Gary’s father Joe, who came from a farming community in South Carolina, and his mother Marilyn are essential to the success of the farm. Joe is the field manager, roto-tilling the weeds from the fields in spring and fall. Marilyn is Barbara’s “unpaid marketing director. In spring, we load up her car with rack cards, and she hits the road from Port Townsend to Port Angeles, stopping at all of the hotels and bed and breakfasts for us,” said Barbara.

Harvest is always hard work, but a fun event.

“We have a great crew of local high school kids. We harvest completely by hand, in three different drying sessions. We have limited room to hang the lavender to dry - the garage, and the pumphouse – so we harvest before, during and after the festival, depending on the weather and how far along each variety is. It’s the mix of so many varieties that gives us that flexibility,” explained Barbara.
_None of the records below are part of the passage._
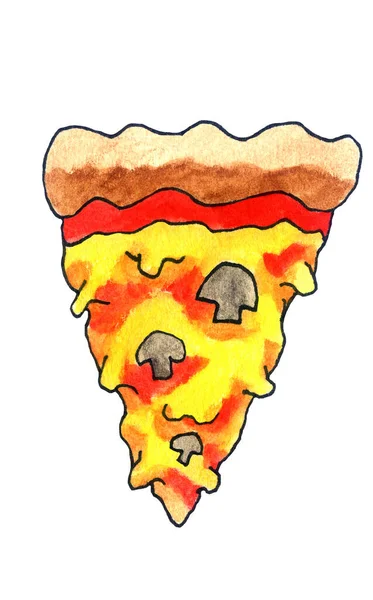 Ручная Иллюстрация Пиццы — стоковое фото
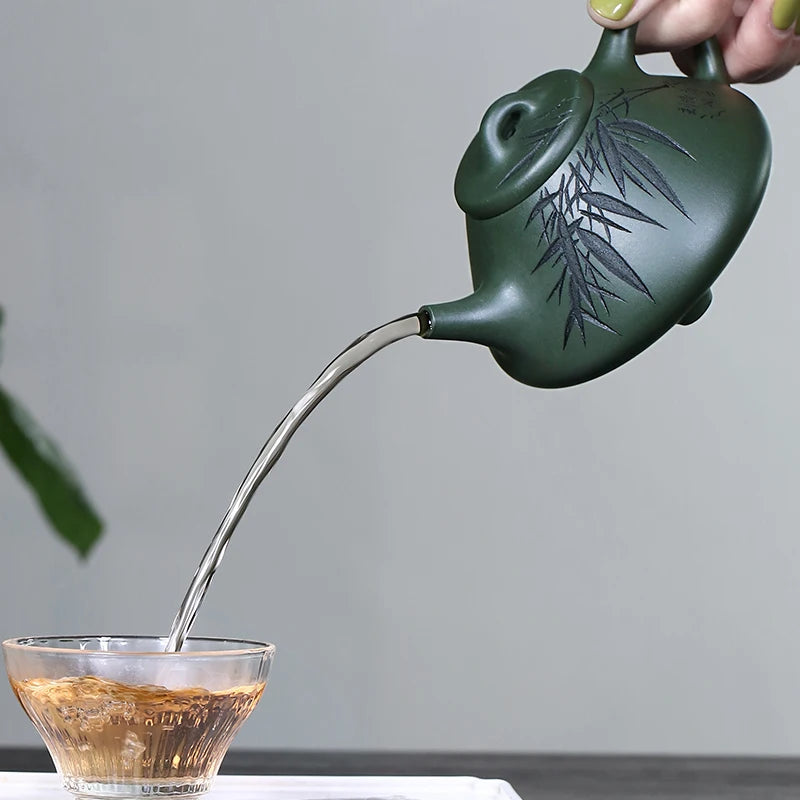 Zanghutianxia Purple Clay Pot Single Teapot Raw Ore Green Clay Ziye Stone Ladle Zhu Qianbing Hand-Carved Painting Chinese Produc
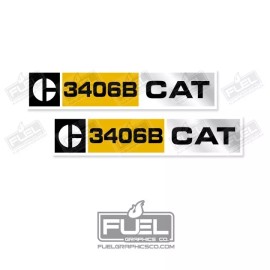 Aftermarket Caterpillar 3406B Diesel Engine Replacement Vinyl Decals Stickers x2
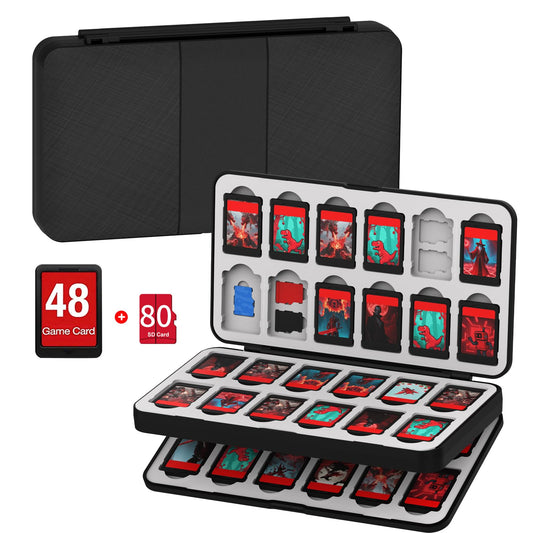 QuoLumPIA 48 Game Card Case Compatible for Nintendo Switch 2/OLED/Switch/Switch Lite  storage 48 Game Cards & 80 Micro SD cards  Black  hard shell  magnetic closure  soft silicone linning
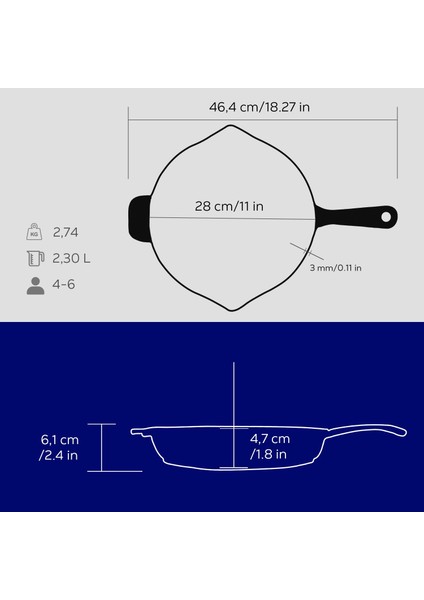 Döküm Yuvarlak Kızartma Tavası Döküm Demir Yekpare Saplı. ÇAP(Ø)28CM indirimleri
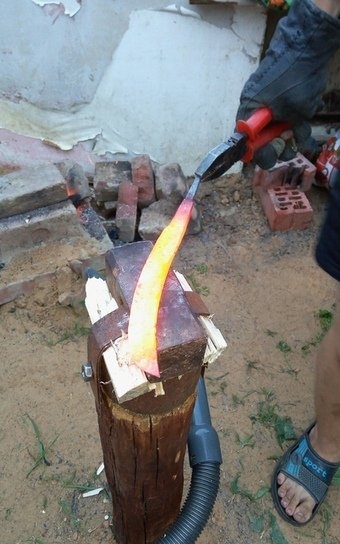 A simple homemade blacksmith's forge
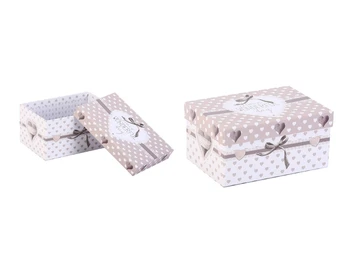 

Bosphorus Storage Box, Italian Design, Heart Pattern, Rectangular Lid Model Middle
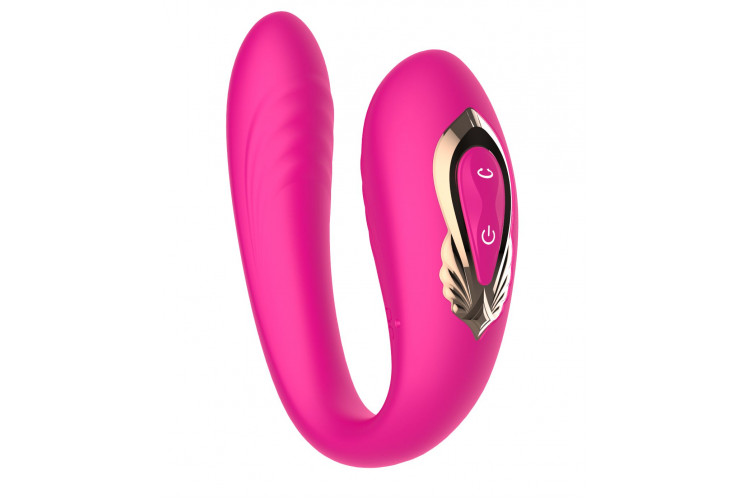 Розовый U-образный вибратор с вращающейся вагинальной частью Розовый U-образный вибратор с вращающейся вагинальной частью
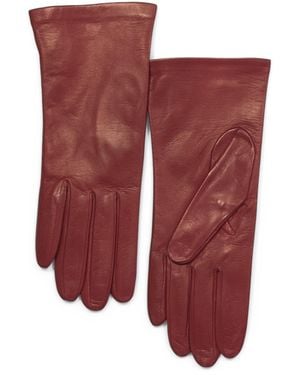 TJ Maxx Leather Short Gloves With Silk Lining For - Red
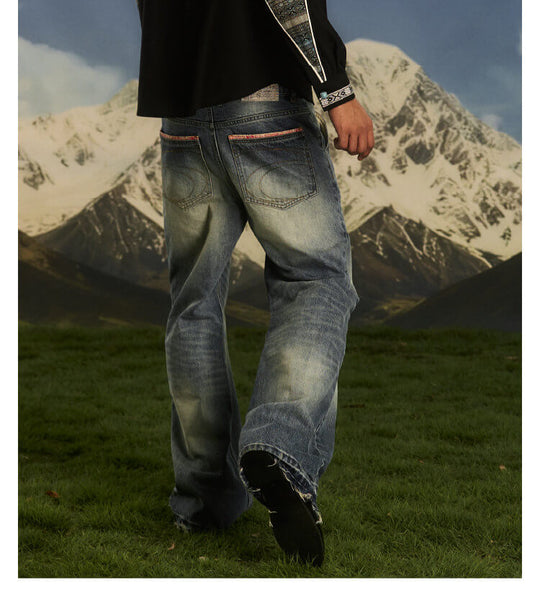 S45 Ethnic Trim Back Pocket Washed Jeans | Face 3 Face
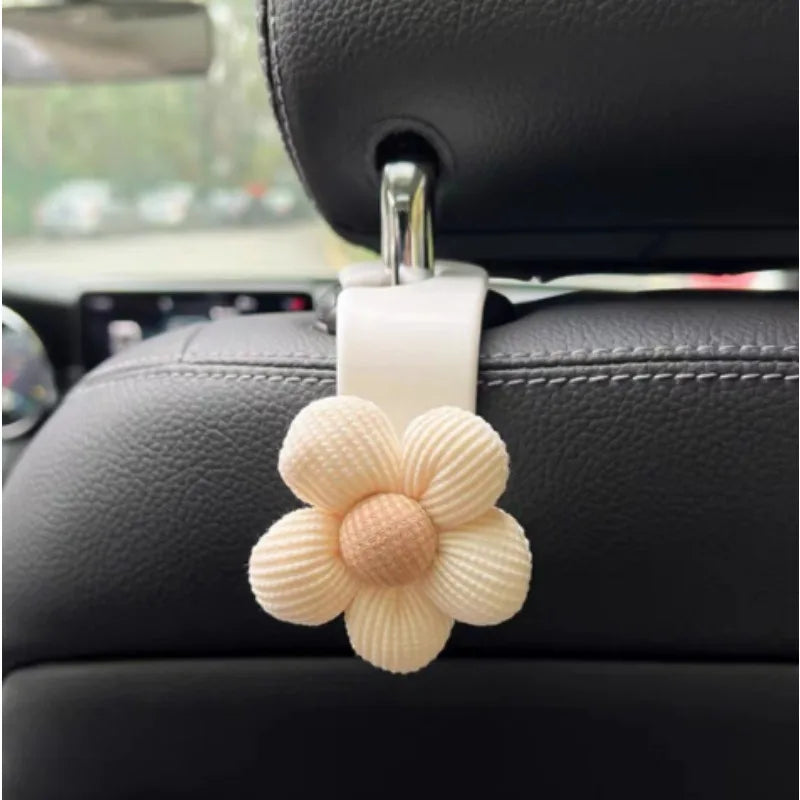 Lovely Multi-functional Flower Car Seat Back Hook,Temperament Flower Seat Back To Store Car Supplies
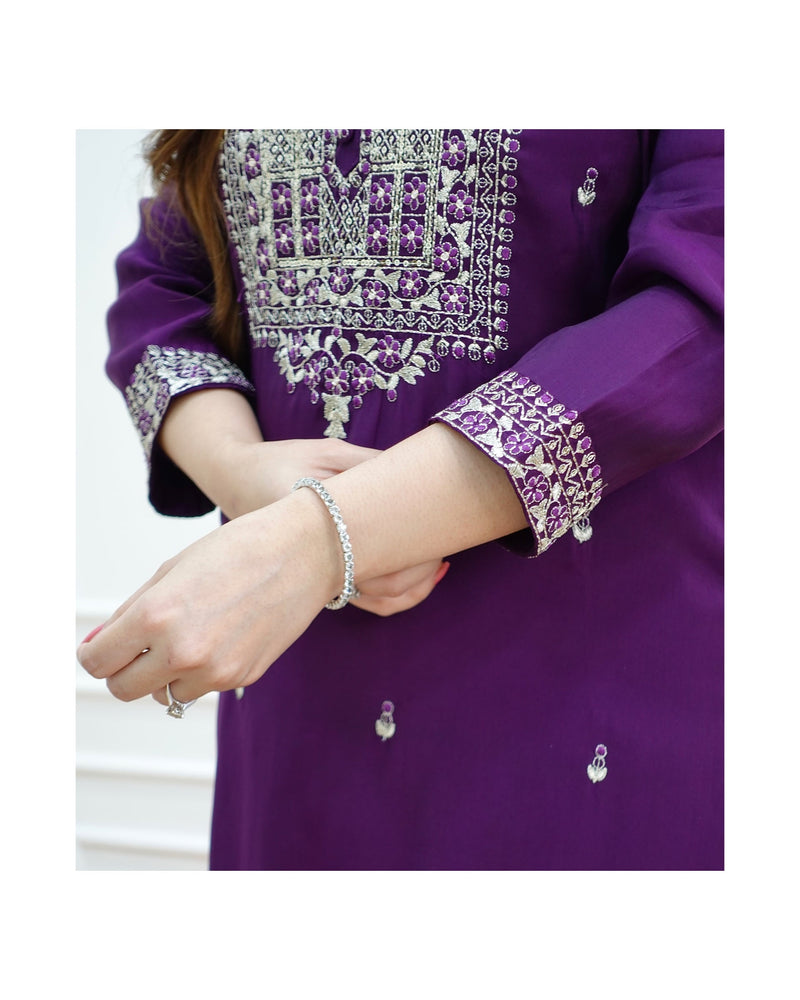 Purple Dola Silk Suit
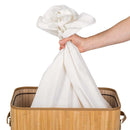 Cesto Biancheria Sporca Pieghevole in Bambu e Tessuto Portabiancheria con Manici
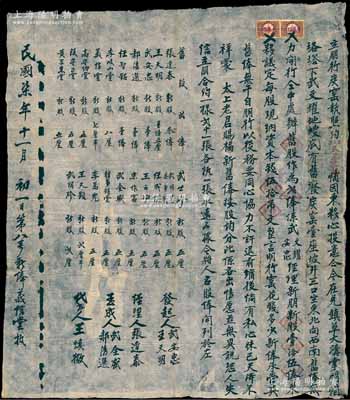 民國柒年（1918年）山西孝義縣·久勝窯記“立朋行炭窯執照約”一份，事由兌鎮武文耀氏之舊廢炭窯壹座、坡井三口作舊股貳俸，并召集新朋新股壹拾伍俸，議定每股現納資本錢伍拾吊文，言明行窯花錢多少由新俸承管，與舊俸無干，且列明各股東股份及公議約定等，另其上書有“蒙太上老君賜福”字樣，即指煤窯業所拜之祖師爺乃太上老君也；此乃晉商之傳統式老股票內涵豐富，保存甚佳，敬請預覽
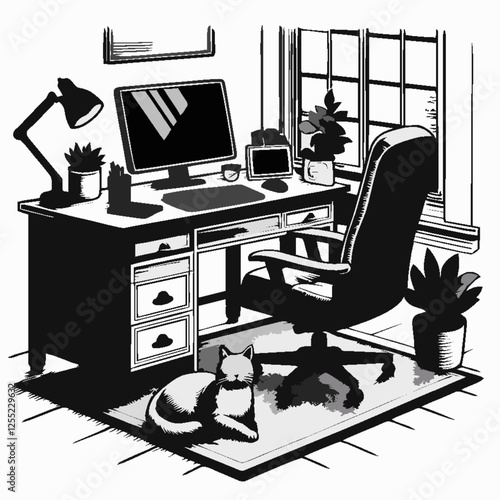 92.eps"High-quality image of a professional workspace with a computer, perfect for business, freelancing, remote work, IT services, and productivity concepts. Ideal for websites, presentations, market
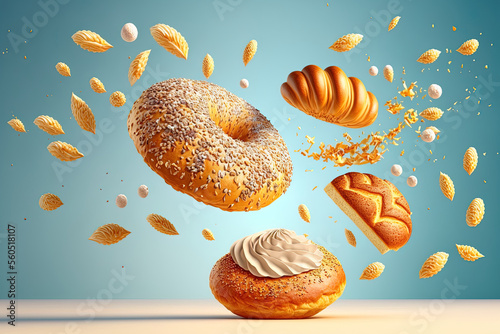 Brioche cake and croissant buns are in the air. White freshly baked biscuit with sesame and sunflower seeds. French grain baking is delicious. Levitation and the concept of a bakery cafe. Generative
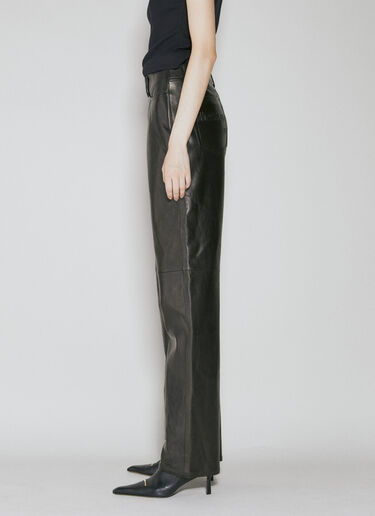 Alexander Wang Fly Leather Wide Leg Pants Black awg0253026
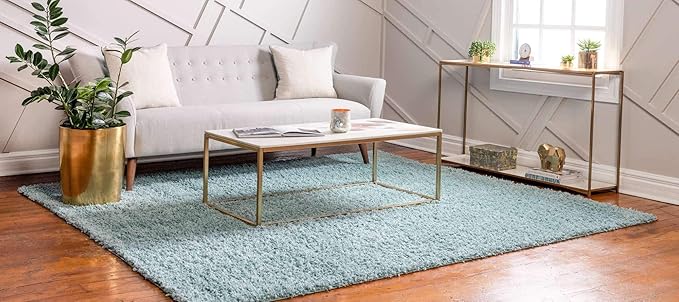 Unique Loom Davos Shag Collection Area Rug - Solid (7' 10" Square, Aqua)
The farm is open from 10-6 daily in June, July and August, set up with tables in the front yard to encourage folks to come, relax, and bring a picnic. As development has increased adjacent to their small farm along Taylor Cut-Off Road, the Hannas planted 120 fast-growing trees, to foster a sense of rural privacy.

“We’re trying to control our little postage stamp of land, to make it as beautiful and as much of a getaway for people as possible,” said Barbara.